By Rachel Harvey
Production at a lucrative gold mine in the Indonesian province of Papua has been suspended because of a demonstration by local illegal miners.
Freeport has been hit with bad publicity before
Protesters, some armed with bows and arrows, have blocked a road leading to the mine complex, being protected by some 400 police and soldiers.
Clashes between the two sides on Tuesday left two security guards injured.
The US-owned facility is one of the world's largest gold and copper mines.
But in recent years it has been mired in controversy.
Local police contacted by the BBC say around 300 men, women and children have set up barricades across the road leading to the mine complex.
Armed with bows, arrows and home-made spears, the protesters are demanding the right to continue their illegal mining in the area and say they will not leave until they have met the mine's boss.

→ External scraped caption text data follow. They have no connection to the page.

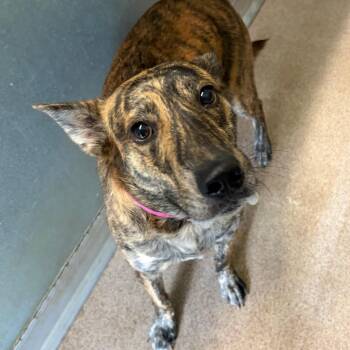 Mixed Breed Dogs Available for Adoption in Ardmore, Oklahoma - Aso | PetCurious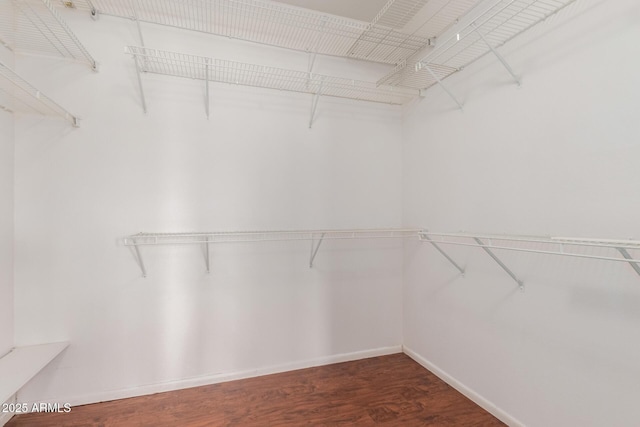 spacious closet featuring wood finished floors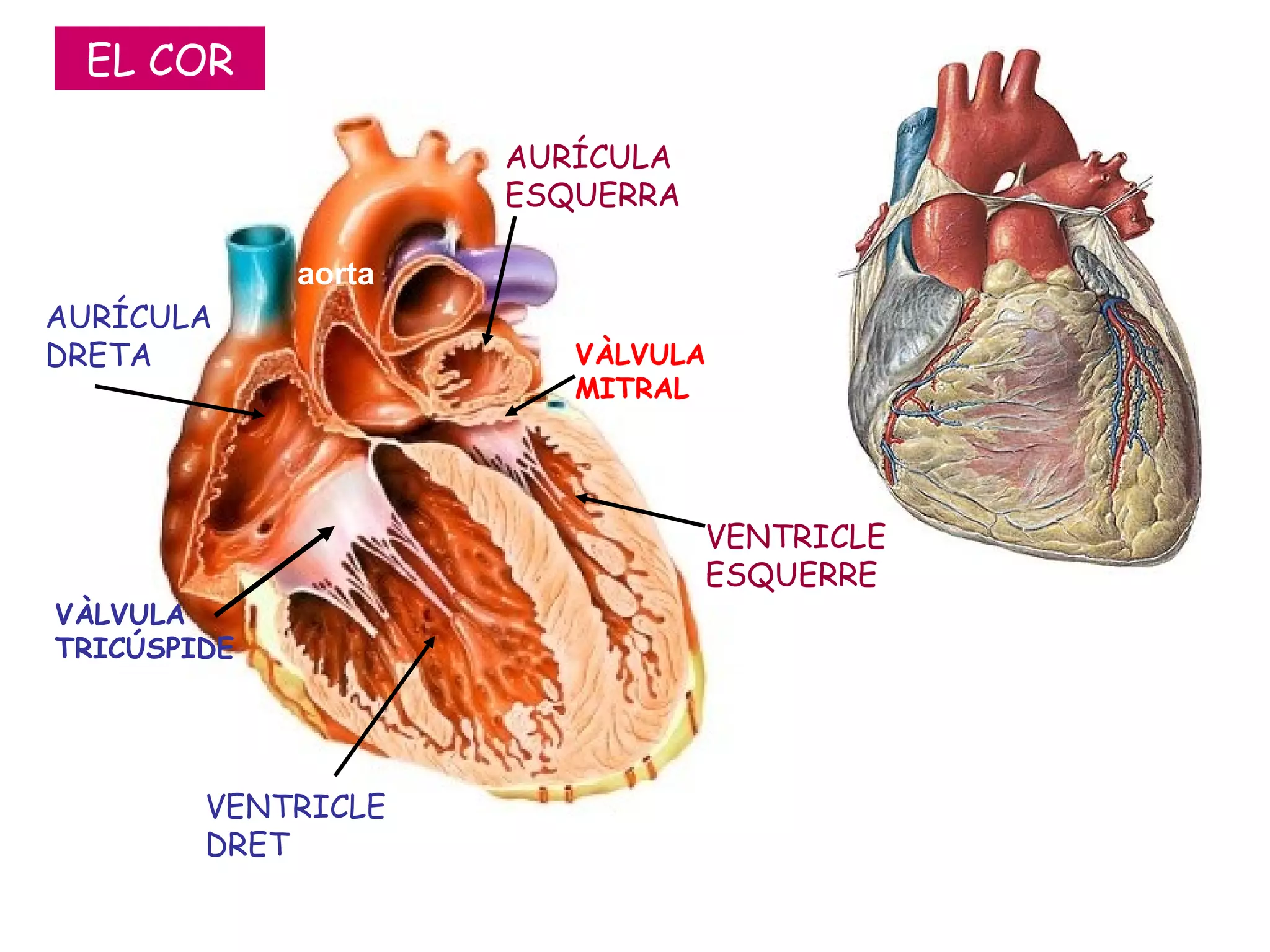 AURÍCULA DRETA VÀLVULA MITRAL VÀLVULA TRICÚSPIDE VENTRICLE ESQUERRE VENTRICLE DRET AURÍCULA ESQUERRA EL COR aorta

Earlier this month, police and officials from the mine, which is operated by a subsidiary of the American-based firm Freeport McMoran, conducted a number of raids to remove illegal prospectors from the site.
Hundreds of families in the area are believed to earn a living by searching for small deposits of gold in waste rock left behind by the mine.
The police say negotiations with the protesters are continuing and the atmosphere is reported to be calm.
Freeport's operations in Papua have come under considerable scrutiny after reports that the company paid substantial sums of money to military and police officials to help secure its mine.